We then heard “In Carne ed Ossa”, a quintet by Michele Sanna (Italy). This was the work that won the 2018 Matan Givol Competition for Composers. Amit Dolberg spoke of the competition, now in its third year, as a fitting way to remember violinist Matan Givol, who had been a member of the Meitar Ensemble. "In Carne ed Ossa" (In Flesh and Bone) was chosen out of 60 scores that were submitted to the competition from 24 countries. A work of lively, sometimes frenetic gestures, of intensity, of pared-down otherworldly moments, of timbral variety and some effects, its soundscape is characterized by the intermittent, shadowy use of a soft mallet striking the strings of the piano (Simone Walther). The piano also features in several of the work’s lyrical moments. Conducted by Ilan Volkov, the performance, profound and reflective, gave splendid expression to Sanna’s gripping and soul-searching score.

 

Following the intermission, Maestro Ilan Volkov conducted Italian composer Fausto Romitelli’s “Professor Bad Trip, Lessons I,II,III”, a work scored for eight players and electronics. The “Professor Bad Trip” cycle (1998—2000), blending distorted colorations of acoustic- and electric instruments as well as accessories, such as the mirliton and harmonica, was inspired by Henri Michaux’s writings under the influence of psychedelic drugs and by the comic artist Gianluca Lerici a.k.a. Professor Bad Trip and his psychedelic cartoons. The three separate movements recreate a hallucinatory sound world in which post-spectralism blends with psychedelia. The unique style that Romitelli developed is characterized by drones, glissandi and amplification with distortion, the combination of these elements resulting in highly expressive content of both great eloquence and violent sonic utterances of considerable formal complexity. Lesson I, doused with electric guitar, offering a rich timbral mix, is an exciting piece. Percussionist Lior Eldad’s skill and competence shone throughout. The music eventually becomes calm and the instrumentalists gradually exit, leaving only electronic “airport” sounds to bring the piece to an end.
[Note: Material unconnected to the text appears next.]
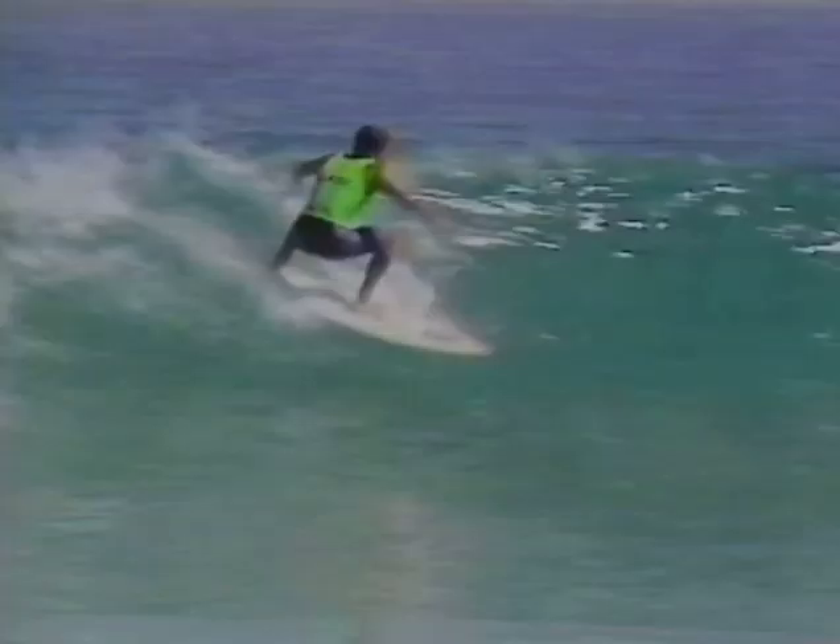Try this move on for size. People call it amazing, we call it an aerial. Like the re-entry, the surfer comes hard off the bottom, heads straight up the face, but instead of hitting the lip, keeps on going up into the air, snaps it around in the air, then free falls back down to the face of the wave and continues on with his ride.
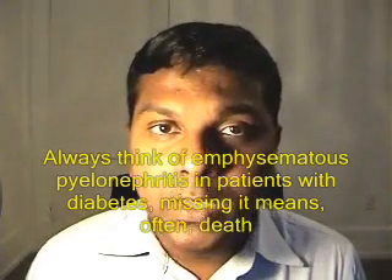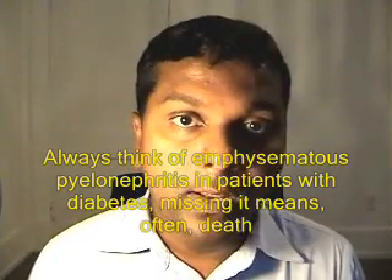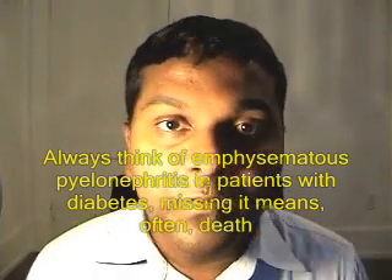If the patient has diabetes and has pyelonephritis, you should always think about emphysematous pyelonephritis. 85 to 90 percent of cases of emphysematous pyelonephritis occur in diabetics. It is a deadly condition that many times requires aggressive antibiotic treatment and nephrectomy in cases where microorganisms become resistant. Whenever a patient has diabetes, always think about emphysematous pyelonephritis.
Lesson II is at times no less intense than its predecessor (its potency and rhythmic vehemence are endorsed by electric guitar-Nadav Lev and bass guitar-Dennis Sobolev); the piece also offers a virtuosic and poignant ‘cello solo (Yoni Gotlibovich), some breathy effects and eerie moments of spacey high string flageolet sounds, then to die down cushioned in a velvety screen of sound coloured by the knell of a haunting gong. Lesson III, bristling with effects and repetitions, sometimes referring to a kind of “tonal centre”, presents trippy sensations as well as stark, buzzy electronic sounds and strident guitar sounds. Flautist Roy Amotz moves from piccolo to flute to mirliton (a small, nasal-sounding instrument, its sound produced by a vibrating membrane) and back again. “Professor Bad Trip”, with its taste for the deformed and the artificial, for rock and electro-acoustic treatment of sound, certainly takes the listener along for the dare-devil ride, and an invigorating, shocking and spectacular trip it certainly was, too!

 

Drawing a large crowd, the Tel Aviv concert was a celebration of fascinating music and very fine, dedicated and discerning performance on the part of the musicians.